4th Premier of the Northwest Territories
- In office November 5, 1985 – November 12, 1987
- Commissioner: John Havelock Parker
- Preceded by: Richard Nerysoo
- Succeeded by: Dennis Patterson

MLA for Mackenzie-Laird
- In office December 21, 1970 – March 10, 1975
- Preceded by: first member
- Succeeded by: William Lafferty
- In office October 1, 1979 – November 21, 1983
- Preceded by: William Lafferty
- Succeeded by: district abolished

MLA for Deh Cho Gah
- In office November 21, 1983 – October 5, 1987
- Preceded by: first member
- Succeeded by: district abolished

MLA for Nahendeh
- In office October 5, 1987 – October 15, 1991
- Preceded by: first member
- Succeeded by: Jim Antoine

Personal details
- Born: November 21, 1943 (age 82) Fort Simpson, Northwest Territories
- Party: Non-affiliated
- Other political affiliations: Liberal (until 2014) Independent Liberal (2014-2016)
- Spouse: Karen Sibbeston
- Alma mater: University of Alberta
- Occupation: Lawyer
- Profession: politician
- Website: https://nicksibbeston.com

= Nick Sibbeston =

Canadian politician (born 1943)

Nick G. Sibbeston (born November 21, 1943) is a retired Canadian politician, serving from 1985 to 1987 as the fourth premier of the Northwest Territories.

Sibbeston was a Senator representing the Northwest Territories from 1999 until 2017, when he resigned on his 74th birthday, a year prior to reaching the mandatory retirement age. He was also a Member of the Legislative Assembly in the Northwest Territories representing Mackenzie-Laird from 1970 to 1975 and from 1979 until 1991.
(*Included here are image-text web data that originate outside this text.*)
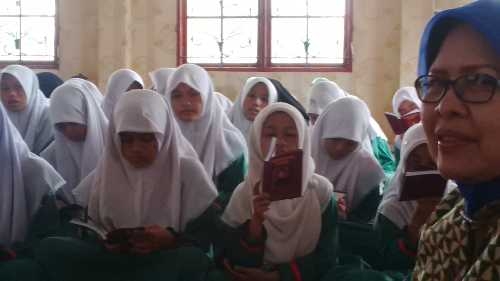 Tempati Rumah Dinas, Ketua DPRD Riau Gelar Syukuran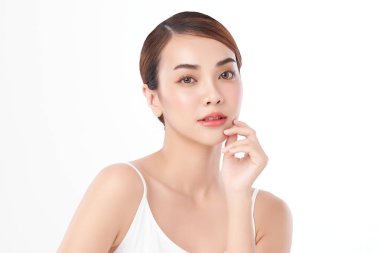 Beyaz arka planda temiz tenli güzel Asyalı kadın, yüz bakımı, yüz bakımı, kozmetoloji, güzellik ve kaplıca, Asyalı kadın portresi.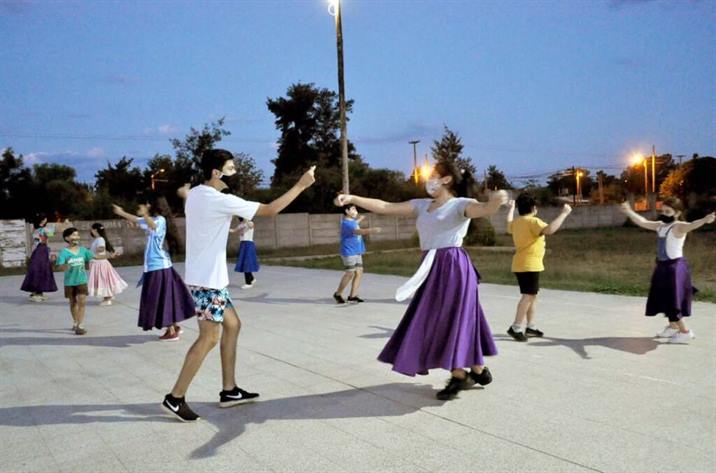 El CIC San Carlos lanzó talleres artísticos, deportivos y recreativos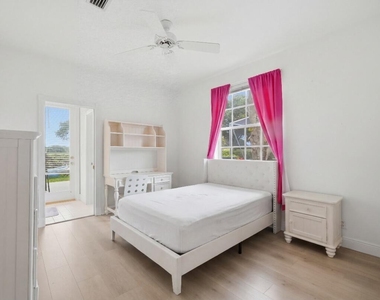 1716 Nw 124th Way - Photo Thumbnail 24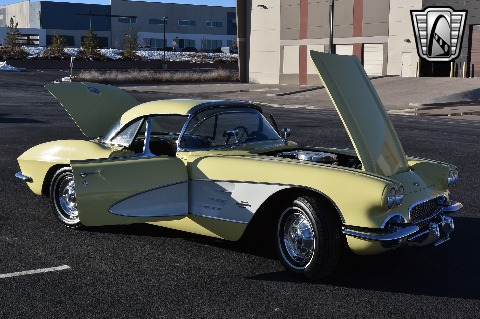 1961 Chevrolet Corvette image 36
== Early life and career ==
Sibbeston is Métis from Fort Simpson, Northwest Territories. Considered a residential-school survivor, he attended residential schools in Fort Simpson, Providence, Inuvik, and Yellowknife. He went on to attend the University of Alberta, where he graduated with Bachelor of Arts and Law degrees.

==Career==
===Territorial politics===
In 1970, Sibbeston was elected to a four-year term on the North West Territorial Council, after which he was defeated by William Lafferty in the 1975 Northwest Territories general election.

He was re-elected in the 1979 general election and would continue to be a Member of the Legislative Assembly until 1991. During his second term in the Legislative Assembly, Sibbeston was elected to serve in the Executive Council (cabinet).
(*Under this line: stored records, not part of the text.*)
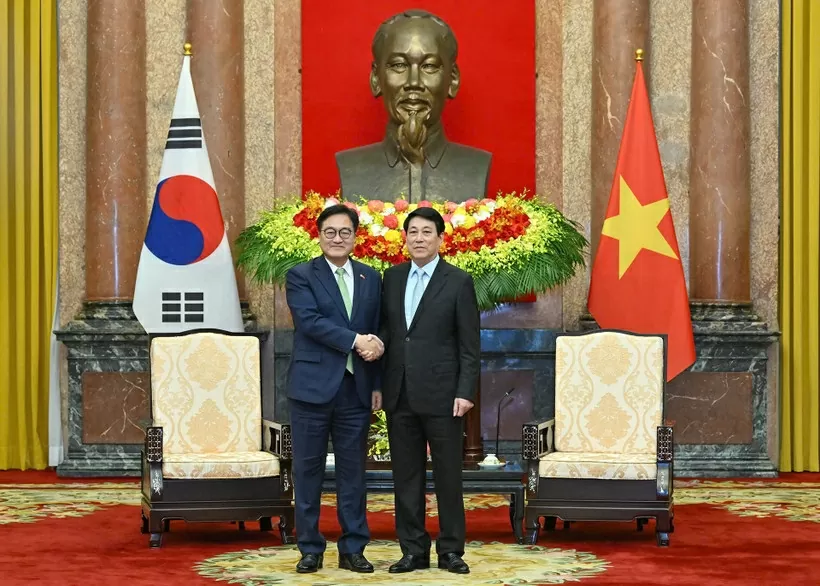 President Luong Cuong receives RoK National Assembly Speaker Woo Won Shik President Luong Cuong receives RoK National Assembly Speaker Woo Won Shik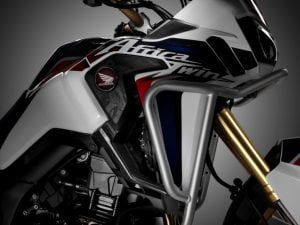 Kit deflector aire superior hombros Honda original 08R74-MJP-G50 deflectores de poliuretano (izquierdo y derecho) que se ajustan al carenado superior de la Honda africa Twin 2016-2017 CRF1000L con adhesivo. Muy fácil instalación.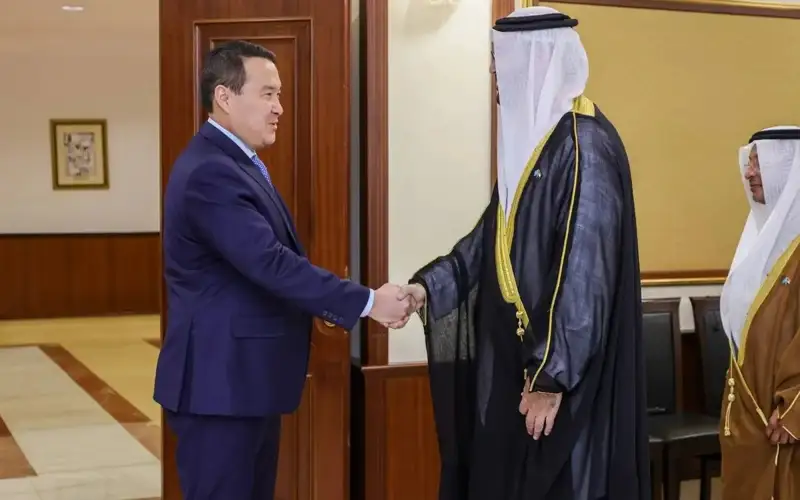 Prime Minister of Kazakhstan Alikhan Smailov meets Minister of Cabinet Affairs in the UAE Government Mohammad bin Abdullah Al Gergawi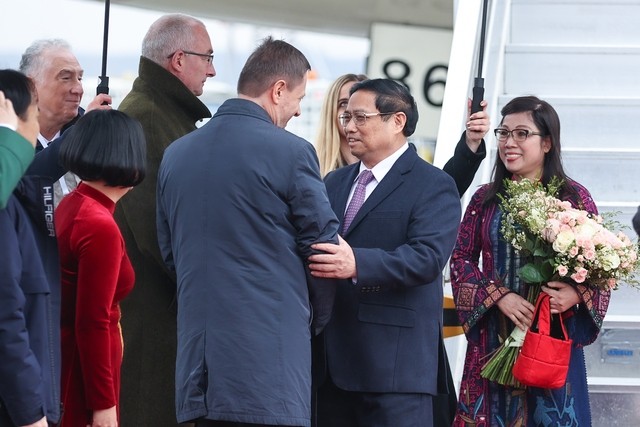Thủ tướng Phạm Minh Chính cùng Phu nhân bắt đầu thăm chính thức Hungary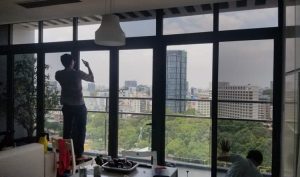 Dán Cách Nhiệt Cửa Kính Chung Cư: Giải Pháp Chống Nóng Tối Ưu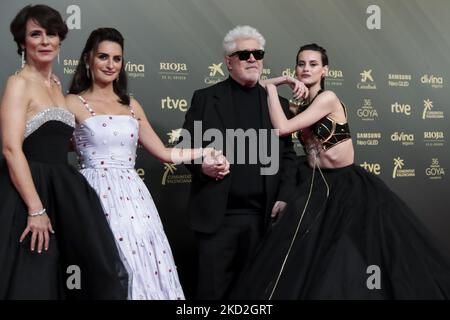 Aitana Sanchez Gijon, Penelope Cruz, Milena Smit e Pedro Almodovar pongono durante il tappeto rosso un preludio ai Goya Awards 2022 al palazzo Reina Sofia. Il 12 febbraio 2022. (Foto di Jose Miguel Fernandez/NurPhoto) Foto Stock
In a 1981 incident, Sibbeston was thrown out of the territorial legislature for throwing a cup of coffee at Peter Fraser, the speaker of the legislature, during an intense debate.

He would serve six years in Cabinet until he was elected to serve as the fourth Premier of the Northwest Territories from 1985 until 1987.

===Civil servant===
After 1991, Sibbeston worked briefly for the Government of Northwest Territories, as a justice specialist and as a public administrator for Deh Cho Health & Social Services. He also served four years on the Canadian Human Rights Panel/Tribunal, as well as being a cultural and Slavey-language advisor for the television program North of 60.

===Federal politics===
Sibbeston was appointed to the Senate of Canada on September 2, 1999, on the advice of Liberal prime minister Jean Chrétien. In the Senate, one of his goals was to find a new name for the Northwest Territories. He also focused on issues such as the Mackenzie Valley Pipeline, infrastructure in the North, climate change mitigation, and increasing Indigenous engagement in the economy.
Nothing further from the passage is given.